Peter ‘Battleship‘ Berg returns to UK cinema screens this week with Lone Survivor (2013), a film which – depending on your own personal sensibilities – comes across as either a rousing testament to America’s men of valour or a teeth gritting exercise in patriotic tub-thumping. Berg may have pushed the boat out somewhat from his previous blockbuster outing, favouring apparent ‘realism’ over CG bombast. However, the overall didactic feels ominously similar – the US military is once again at war against a merciless, swarming antagonist who would love nothing more than to see Uncle Sam’s finest return home in boxes.

Based on former soldier Marcus Luttrell’s bestselling book, Lone Survivor tells the bloody tale of four Navy SEALs (played by Mark Wahlberg, Ben Foster, Emile Hirsch and Berg regular Taylor Kitsch) on a mission behind enemy lines to assassinate a high-ranking Al-Qaeda operative before being ambushed by an overwhelming force. Turning on one crucial moment of indecision, the squad find themselves without air support and hunted through the pines by AK-wielding Taliban aggressors. Along the way, bones are cracked, lungs are punctured and last stands made in the face of insurmountable odds, with Berg and his team going to noteworthy lengths in his quest to portray the “necessary evil” of war for audiences back home.

Lone Survivor may have served its original purpose – whatever that may have been – had it not been so mind-numbingly repetitive. After a fairly tense exposition and one nail-biting moral quandary, Berg defaults into Battleship mode with a cacophony of gunfire and explosions, resigning what is a perfectly decent cast to mad dashes and grunted one-liners (at one point, Foster’s Matt ‘Axe’ Axelson fixes a target in his crossfires before daftly uttering “You can die for your country, I’m gonna live for mine.”). That an actor of Foster’s calibre, almost always the outstanding performer in whatever he lends his talents to, is given so little to work with is just one of many misdemeanours that Berg could rightly be accused of. Wahlberg, Hirsch and Kitsch all find themselves faced with a similar dearth of inspiration, but do admirably throw themselves into their respective roles (and down any number of craggy cliffs, The Princess Bride-style).

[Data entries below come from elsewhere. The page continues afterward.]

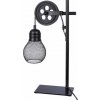 Dizajn stolná lampa industrial CAGE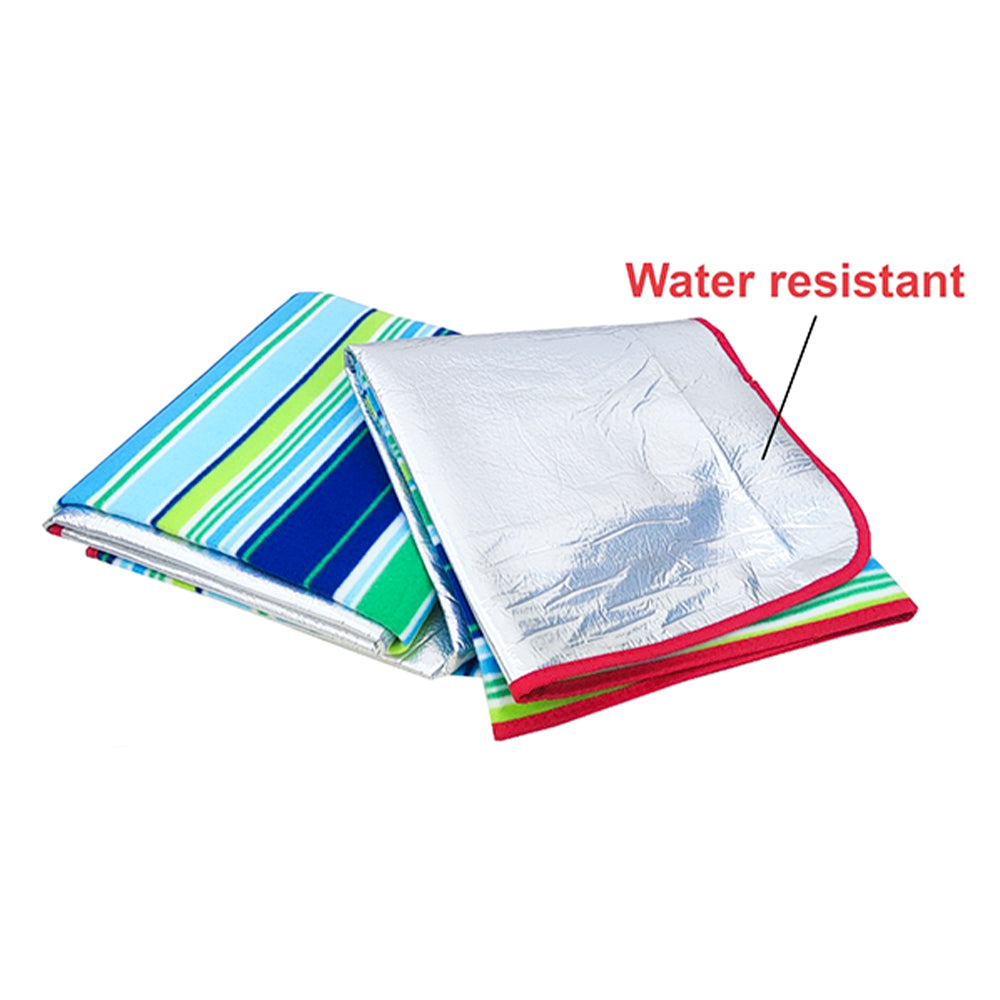 Baby Peeing Soft Mat On Bed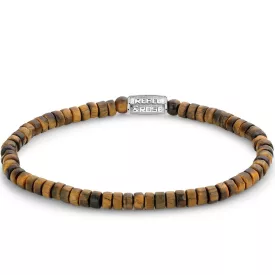   Rebel & Rose Slices - Tiger Lily unisex narukvica S RR-40074-S-S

Though not entirely black and white in its meditation on modern conflict thanks to a sentimentalised finale – which does at least recognise the existence of Afghanistan’s beleaguered civilian population – what comes before it is loud, abrasive and deeply troubling in its drawn-out gaudiness. War certainly is hell, but it’s not unthinkable that some viewers will develop their own sense of war-weariness after watching Wahlberg et al. having their extremities shot off in gory detail for ninety-plus minutes. Though not as reprehensible as the bloodless, 12A wargasms of the G.I. Joe franchise and the like, Lone Survivor feels like a backward step for a national cinema that had finally started to address the ongoing War on Terror with something approaching humility and intelligence.